Literatura

Arráncame la vida, Ángeles Mastretta | Reseña

El turno de México

Cuando decidí participar del Tour Latinoamericano, sabía que uno de los países que más esperaría leer sería México. Es una cultura que me ha cautivado desde pequeña y tuve la posibilidad de crecer experimentando su música y películas. México tiene raíces importantes en la tradición agraria chilena.  A su vez, pude estudiar parte de su historia en la Universidad, lo que me generó un lazo aún más latente.

Arráncame la vida, llegó a mis manos a través de Bibliometro

Arráncame la vida

Publicado en la década de los 80 pero ambientado en Puebla durante los años que siguieron a la revolución mexicana. Narra la historia de Catalina, una joven de clase baja y que aún no ha cumplido los 15 años cuando se casa con Andrés, un hombre de treinta años.

Catalina es tremendamente inocente y con ganas de experimentar nuevas sensaciones. Lo que la lleva a dejarse socavar por los deseos de su marido, especialmente cuando él comienza una carrera como político.

Mientras la carrera de Andrés no deja más que ascender debido a los nuevos caudillismos y asesinatos que cometía, Catalina se transforma en una gran señora. No obstante, su tarea consiste en llevar a cabo reuniones sociales para las amistades de su marido, criar a sus hijos (incluidos los que tenía con otras mujeres) y pasear junto a él haciendo campaña política bajo la idea de familia feliz.

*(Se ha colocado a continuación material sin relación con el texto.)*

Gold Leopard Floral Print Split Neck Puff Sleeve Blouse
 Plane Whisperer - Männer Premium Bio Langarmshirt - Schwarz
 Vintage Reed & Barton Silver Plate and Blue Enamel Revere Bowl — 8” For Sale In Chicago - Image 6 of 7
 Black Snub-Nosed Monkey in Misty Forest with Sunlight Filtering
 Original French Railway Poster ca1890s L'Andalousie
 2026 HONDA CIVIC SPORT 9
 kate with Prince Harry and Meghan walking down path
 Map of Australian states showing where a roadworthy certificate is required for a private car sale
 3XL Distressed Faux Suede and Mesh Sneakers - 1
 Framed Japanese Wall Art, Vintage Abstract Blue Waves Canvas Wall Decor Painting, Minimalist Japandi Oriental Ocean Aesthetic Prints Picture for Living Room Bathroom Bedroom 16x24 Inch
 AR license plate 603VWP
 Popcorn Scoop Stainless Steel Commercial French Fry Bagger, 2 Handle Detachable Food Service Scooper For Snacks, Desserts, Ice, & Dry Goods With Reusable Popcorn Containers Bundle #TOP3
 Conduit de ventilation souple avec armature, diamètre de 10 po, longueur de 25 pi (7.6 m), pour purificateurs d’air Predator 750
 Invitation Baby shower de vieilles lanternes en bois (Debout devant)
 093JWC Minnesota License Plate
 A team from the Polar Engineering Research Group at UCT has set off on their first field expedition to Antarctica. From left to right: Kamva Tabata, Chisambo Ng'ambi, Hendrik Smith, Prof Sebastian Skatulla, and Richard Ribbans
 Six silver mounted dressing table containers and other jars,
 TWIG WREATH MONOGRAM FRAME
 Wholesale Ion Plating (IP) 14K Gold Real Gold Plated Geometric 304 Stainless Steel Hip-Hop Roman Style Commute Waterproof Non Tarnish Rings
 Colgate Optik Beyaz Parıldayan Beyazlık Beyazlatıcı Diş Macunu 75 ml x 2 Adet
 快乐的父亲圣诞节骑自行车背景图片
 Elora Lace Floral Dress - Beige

Durante gran parte de la novela, hay rumores de infidelidad y crímenes cometidos por Andrés pero Catalina se hace la desentendida.  En algunos momentos la narración en primera persona nos hace ver a Catalina como una ajena al mundo de su marido y en cierta forma lo era.

Ella tampoco se queda atrás y experimenta con algunos amantes. En este punto quiero destacar a Carlos Vives, mi personaje favorito de la historia y el único que logró enamorarme. Sin duda su aparición refresca la trama que por unos momentos me parecía de gente rica quejándose de sus problemas pero que no hacen nada por solucionarlos.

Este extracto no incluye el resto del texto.